**EXERCISE REQUIREMENTS**:
Below are records to return verbatim; the pictures are to be dropped.

(Beginning of TASK DATA)

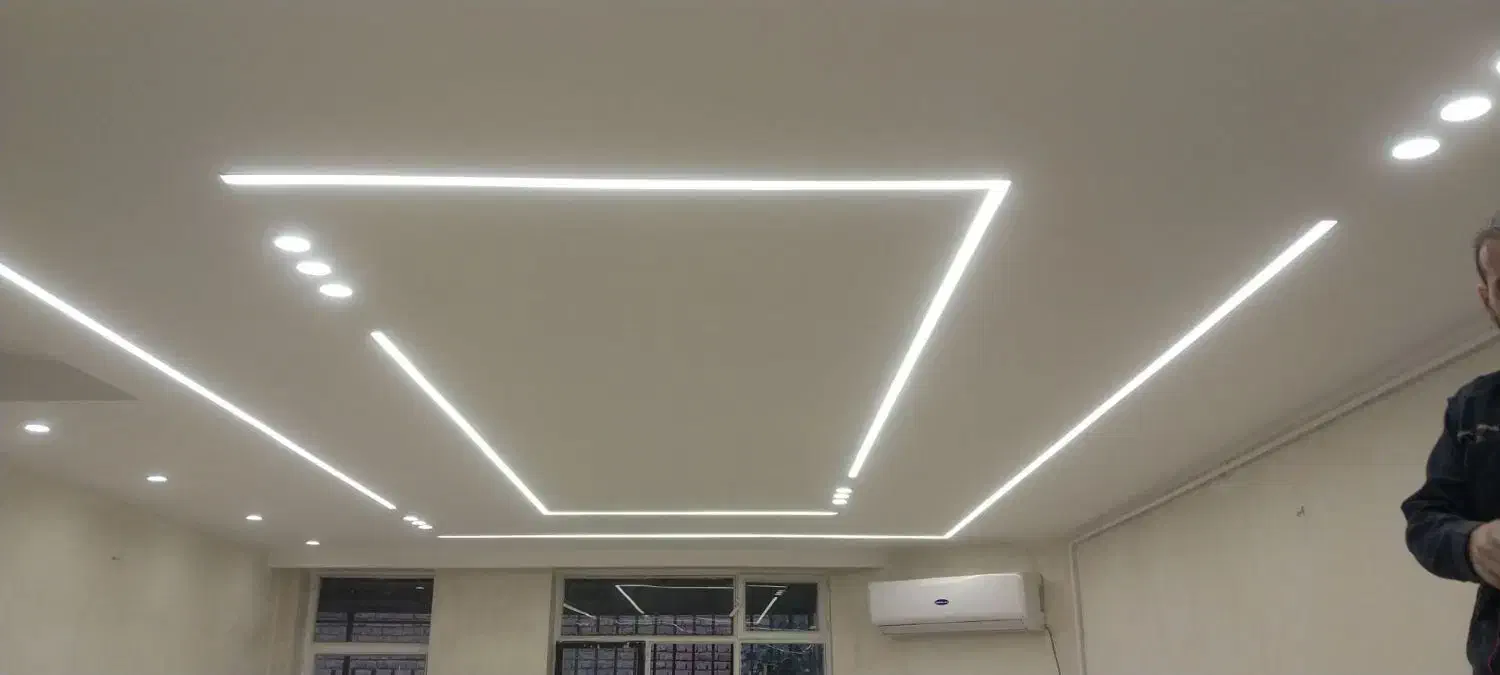 برقکار انجام امور برقی ساختمان  ونصب تجهیزات برقی|خدمات پیشه و مهارت|همدان, |دیوار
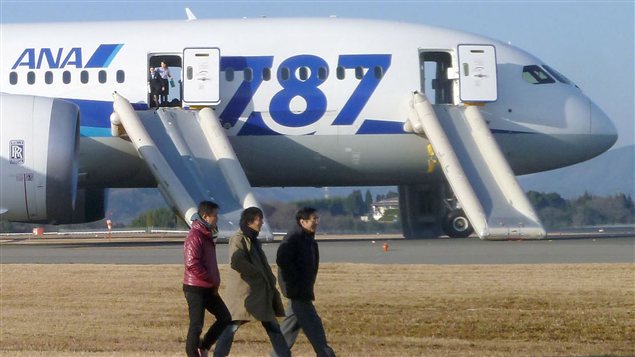 Des passagers quittent un appareil Dreamliner de la compagnie All Nippon Airways, après un atterrissage d'urgence au Japon Des passagers quittent un appareil Dreamliner de la compagnie All Nippon Airways, après un atterrissage d'urgence au Japon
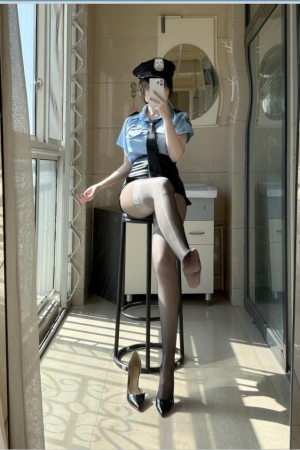 不可爱羚 – NO.03 女警制服[48P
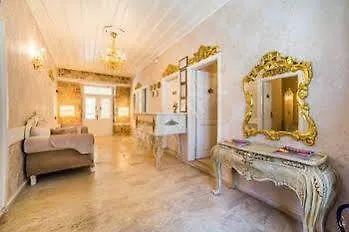 Otel Lavin 5*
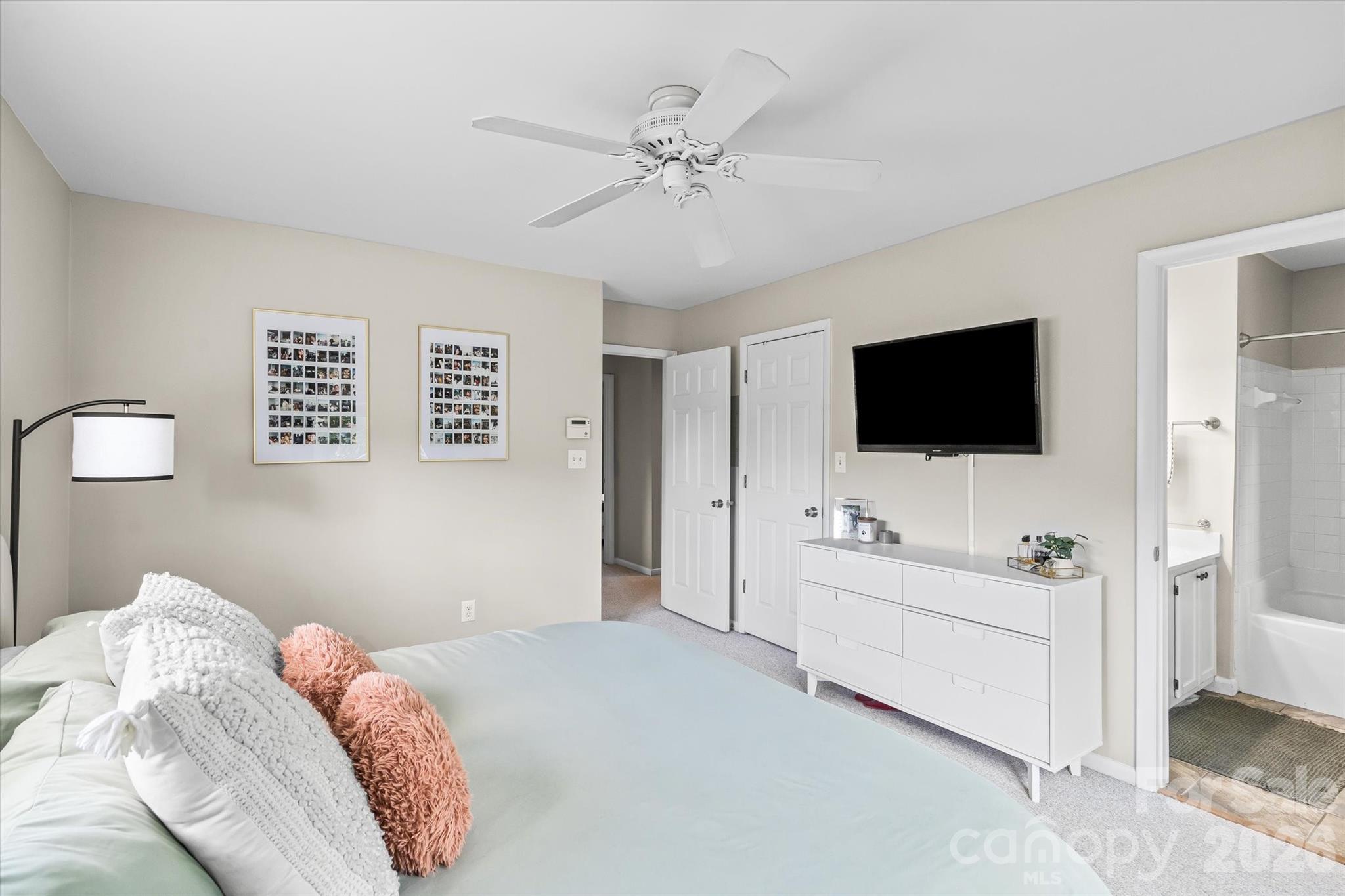 2538 Dilworth Heights Lane — Charlotte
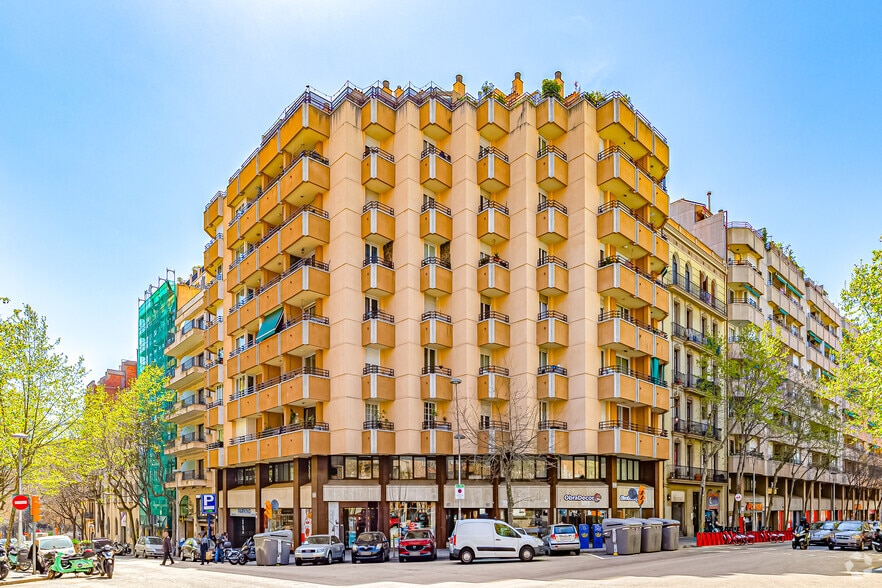 Bureau dans Barcelone, Barcelona à louer - Photo de l’immeuble – Image 2 sur 2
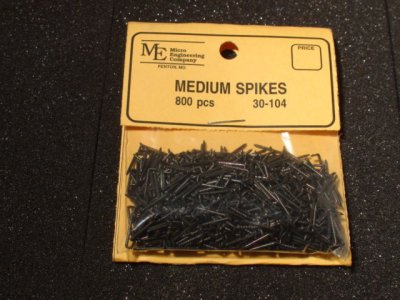 Micro Engineering HO Scale 30104 Medium Spikes 800 pcs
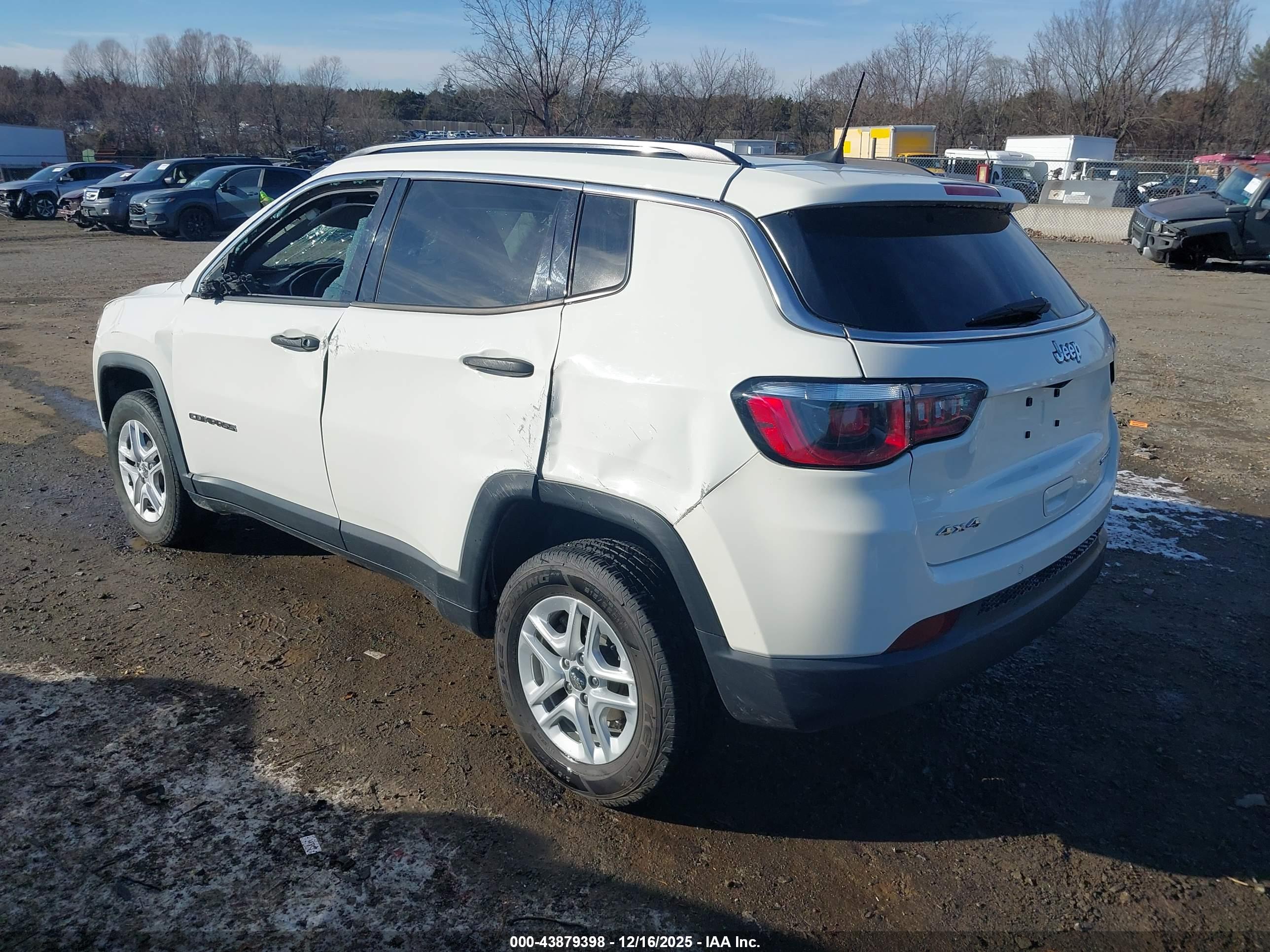JEEP COMPASS image 3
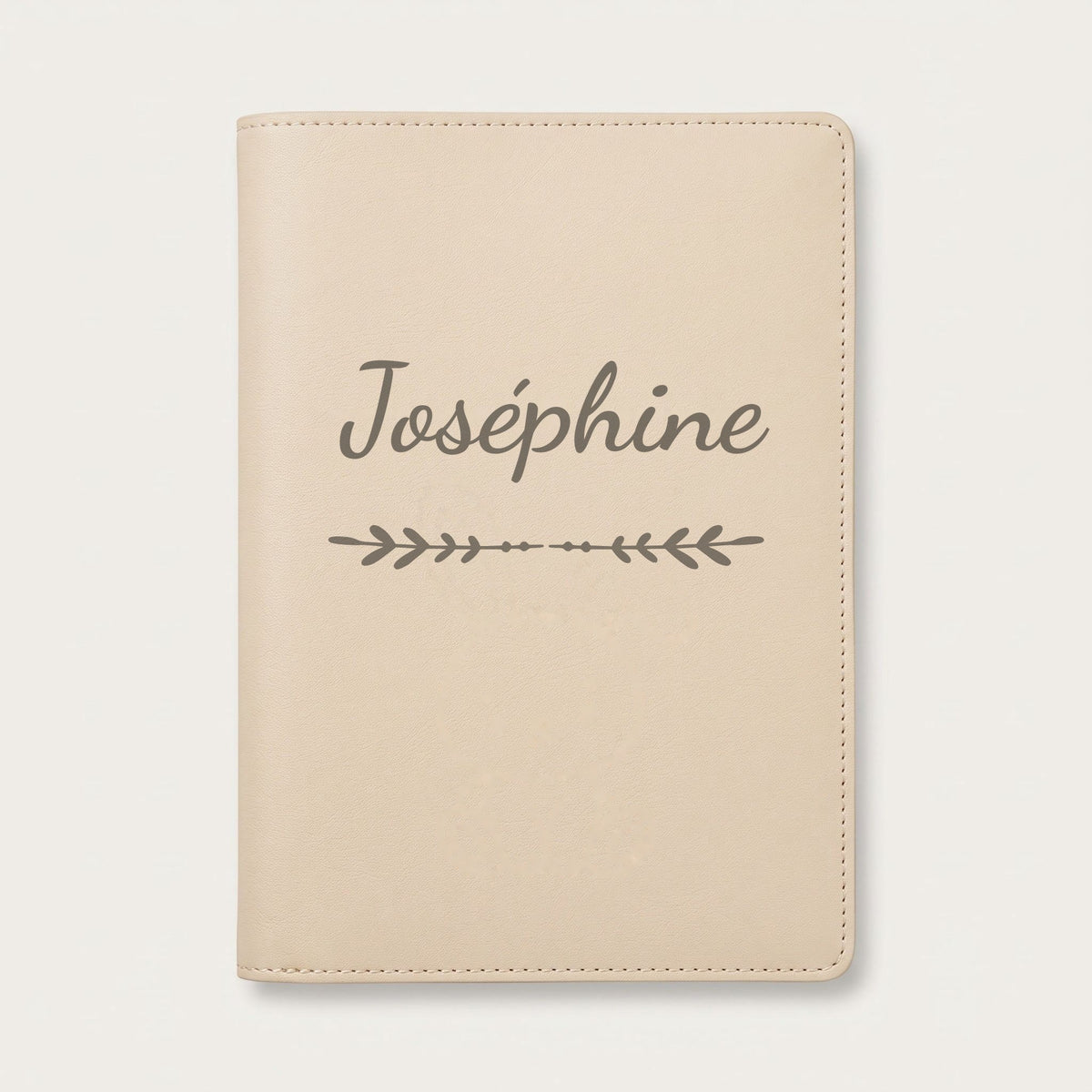 Protège carnet de santé personnalisé Joséphine — Crème vanille — prénom « Joséphine » gravé, ornement Flèche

(End of TASK DATA)

**PROBLEM SOLUTION**:
 برقکار انجام امور برقی ساختمان  ونصب تجهیزات برقی|خدمات پیشه و مهارت|همدان, |دیوار
 Des passagers quittent un appareil Dreamliner de la compagnie All Nippon Airways, après un atterrissage d'urgence au Japon Des passagers quittent un appareil Dreamliner de la compagnie All Nippon Airways, après un atterrissage d'urgence au Japon
 不可爱羚 – NO.03 女警制服[48P
 Otel Lavin 5*
 2538 Dilworth Heights Lane — Charlotte
 Bureau dans Barcelone, Barcelona à louer - Photo de l’immeuble – Image 2 sur 2
 Micro Engineering HO Scale 30104 Medium Spikes 800 pcs
JEEP COMPASS image 3
 Protège carnet de santé personnalisé Joséphine — Crème vanille — prénom « Joséphine » gravé, ornement Flèche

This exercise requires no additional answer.